Geçen hafta Newsweek dergisinde Türkiye hakkında bir geniş makale yayınlandı, derginin ana makalesi olarak... Medyaya pek yansımadı ancak hoş görülmesi çok zor bir üslupla ele alınmış, son derece taraflı bir yorumdan söz ediyoruz. Türkiye'nin ekonomik ve sosyal alandaki bütün gelişmelerinden bahsedilir gibi yapılmış, ancak hemen sonra var olan sorunlar, son derece sistemli biçimde ülkeyi totalitarizme götüren bir iktidarın bilinçli adımları olarak gösterilmiş. İnanması güç ama yazıyı okurken sanki Türkiye ve Recep Tayyip Erdoğan'dan değil, Kuzey Kore ve Kim Jongİl'den bahsediliyor zannedebilirsiniz.
Newsweek, ABD'de liberal (olduğu varsayılan) önemli bir yayın organı. Türkiye'nin iç politikası ve gelişmesi konusunda bu denli çarpıtılmış ve taraflı bir yazı yazması, ancak hiç sevmediğim ve hiç kullanmadığım komplo teorileriyle açıklanabilecek gibi duruyor.

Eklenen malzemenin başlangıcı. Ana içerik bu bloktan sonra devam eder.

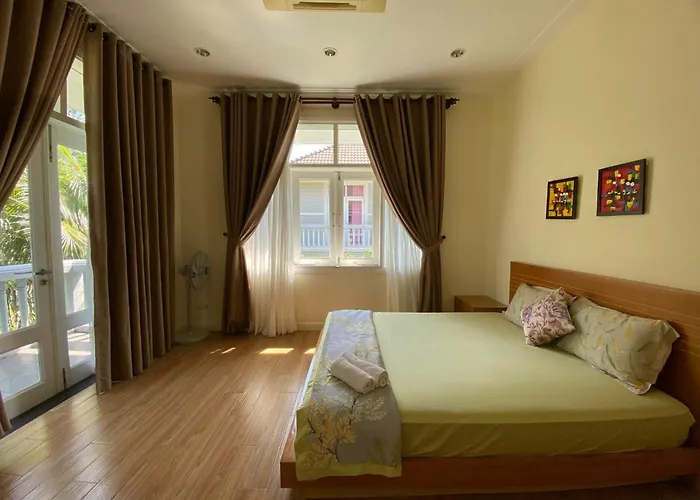 Căn hộ Sealinks Và Căn Hộ Ocean Vista Sealinks Mũi Né Phan Thiết
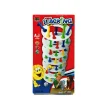 Wankele toren spel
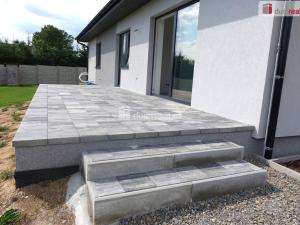 Prodej rodinného domu, Pavlovice, 136 m2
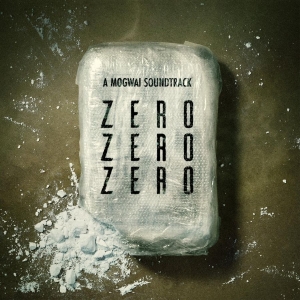 Mogwai - Zerozerozero (Indie Exclusive, Whit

Neden böyle bir yazı itibarlı bir yayın organında çıkabiliyor? Neden Türkiye müttefiklerini bu düzeyde rahatsız edebiliyor?
Yeni uluslararası yönetişim şart
Türkiye, NATO içinde daima güvenilen bir müttefik oldu, dolayısıyla ABD'nin ileri karakolu yakıştırması, Türkiye için soğuk savaş döneminde sıklıkla kullanılırdı. Buna sanırım herkes çok fazla alıştı. Ancak bu dönem bitti. Artık yeni bir dönem var. İttifaklar hâlâ sağlam, ancak eskiden olduğu gibi yekpare bir "Sovyet tehdidi" yok. Dolayısıyla NATO içinde liderliği hiçbir zaman yadsınmayan ABD'nin tek başına yönlendirebileceği bir uluslararası güvenlik kavramı da oluşturmak kolay değil.

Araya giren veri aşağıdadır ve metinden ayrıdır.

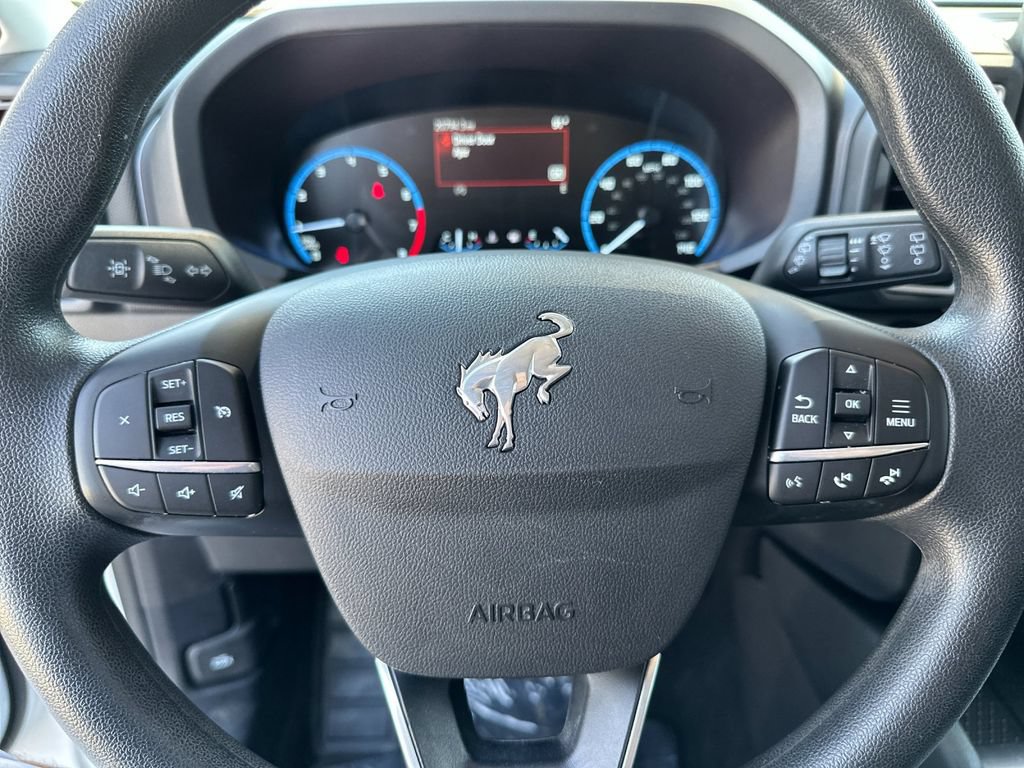 Certified 2024 Ford Bronco Sport Big Bend AWD/4WD image 22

Yirmi birinci yüzyıl, hem bölgesel, hem de küresel anlamda yeni yönetişim biçimleri oluşturulması gereken yeni bir dönem. Hem küresel ittifakları sağlam tutacaksınız, hem de bölgesel sorunlar için bölge ülkelerinin yaratıcılığını ve yönlendiriciliğini kullanacaksınız.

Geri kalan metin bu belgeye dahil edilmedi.